On March 7, the Iraqi people go to the polls for their national election, a contest with so many factors it makes analysis of American elections look like elementary schoolwork. The election pits the camps of secularism, religion-guided democratic governance, and proponents of Iranian influence against one another. Blocs that are jockeying against each other will soon maneuver together to decide the next prime minister as the Iranian regime tries to manipulate and place itself in each side’s corner.

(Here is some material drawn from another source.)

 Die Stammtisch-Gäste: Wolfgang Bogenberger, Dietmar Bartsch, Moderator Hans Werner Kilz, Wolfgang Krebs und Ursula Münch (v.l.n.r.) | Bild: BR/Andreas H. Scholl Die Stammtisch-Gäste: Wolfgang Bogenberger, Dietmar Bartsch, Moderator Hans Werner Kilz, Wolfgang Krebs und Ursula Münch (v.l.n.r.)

The election is preceded by a crisis that, in the words of Kenneth Pollack and Michael O’Hanlon, “is just the kind of seemingly small problem that could unravel the entire political fabric of Iraq.” Iraq’s Justice and Accountability Commission, under the influence of Ahmed Chalabi and his close friend, banned over 500 candidates from running in the elections for allegedly having ties to the outlawed Baath Party. Those on the list were not given the opportunity to defend themselves. Among those listed were the Sunni defense minister and Saleh al-Mutlaq, a prominent Sunni leader who is allied with the secular Shiite and former Prime Minister Iyad Allawi, a strong opponent of the political bloc with which Chalabi is aligned. General Ray Odierno has attributed this move to Iranian influence, saying that Chalabi has repeatedly met with the Iranian Revolutionary Guard’s top man in Iraq.